#### WHAT THIS TASK INVOLVES:
Within the records below, find the line with "Volvo XC 60 B4 D AWD Geartronic RDesign - 4" and the line with "Trofeo del Mundial", then reproduce exactly those two lines and all lines between them, without any picture.
Start of DATASET RECORDS
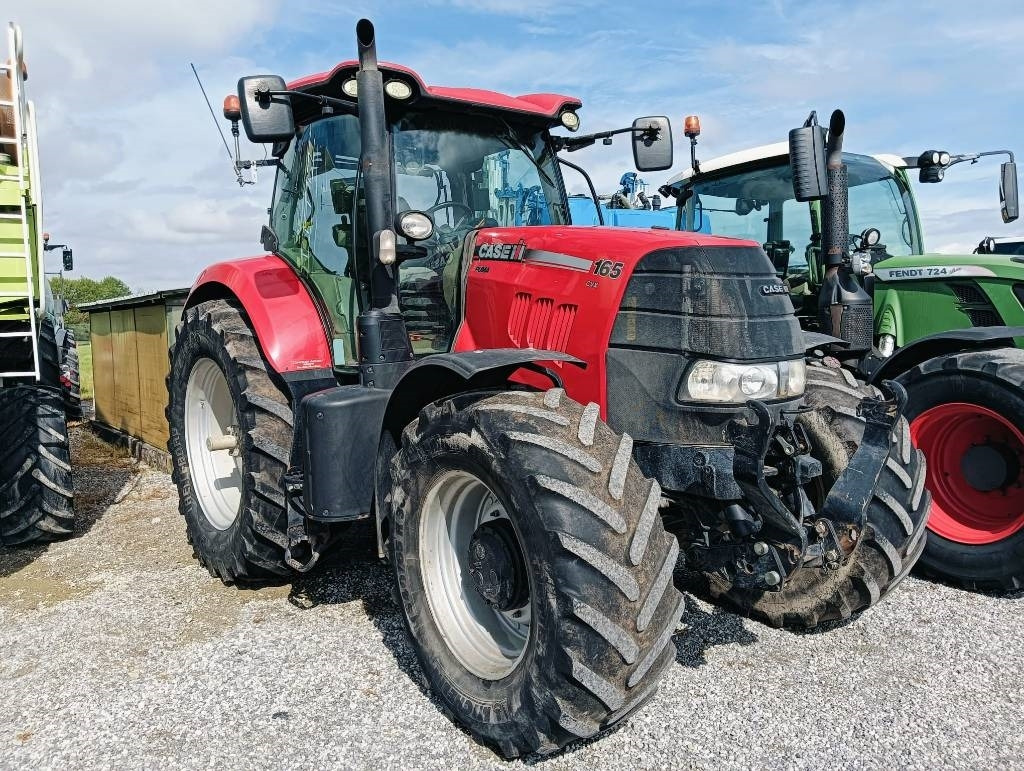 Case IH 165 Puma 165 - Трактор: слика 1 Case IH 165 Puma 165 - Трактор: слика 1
End of DATASET RECORDS
Start of DATASET RECORDS
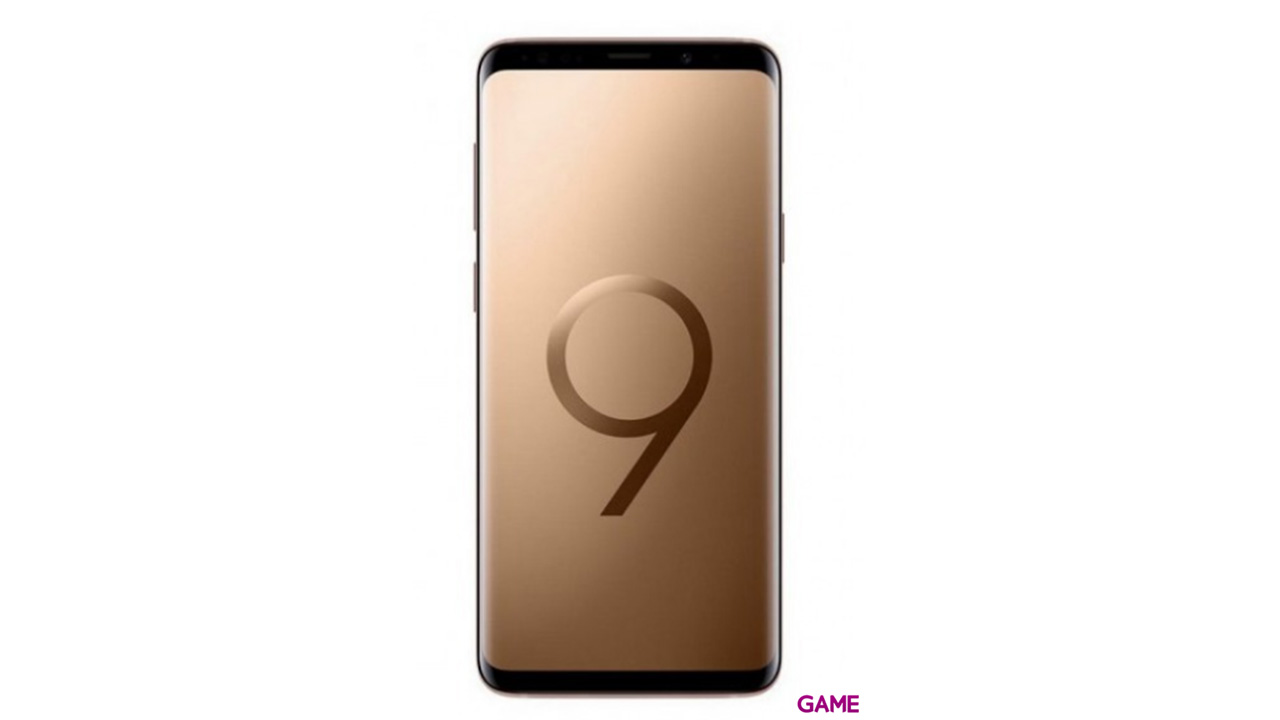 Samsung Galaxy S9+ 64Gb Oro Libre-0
End of DATASET RECORDS
Start of DATASET RECORDS
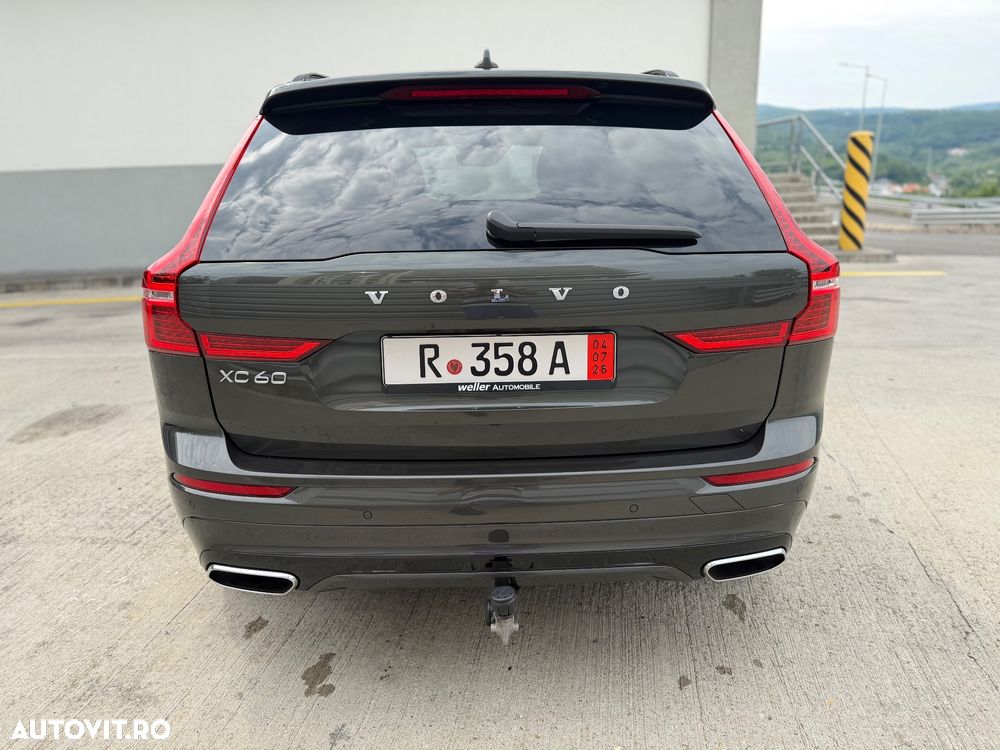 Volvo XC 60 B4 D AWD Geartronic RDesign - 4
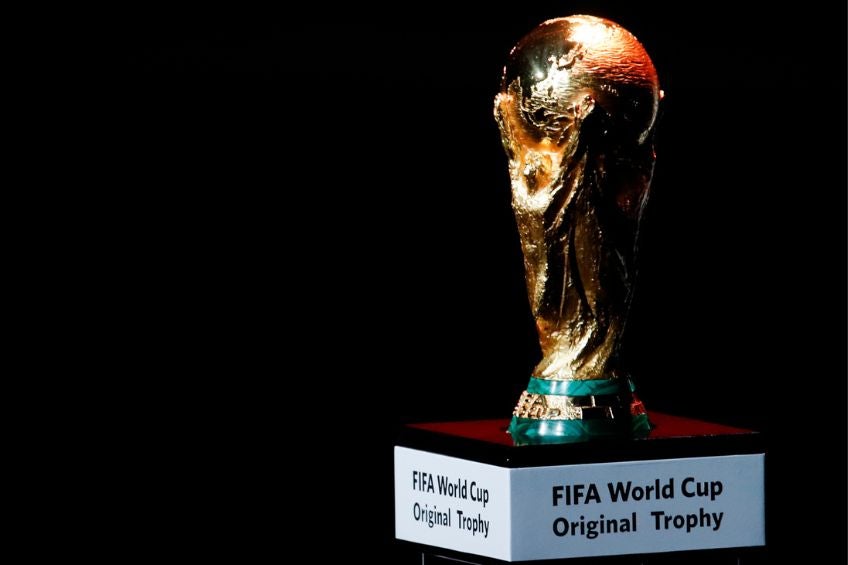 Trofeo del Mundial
End of DATASET RECORDS
#### ANSWER SECTION:
 Volvo XC 60 B4 D AWD Geartronic RDesign - 4
 Trofeo del Mundial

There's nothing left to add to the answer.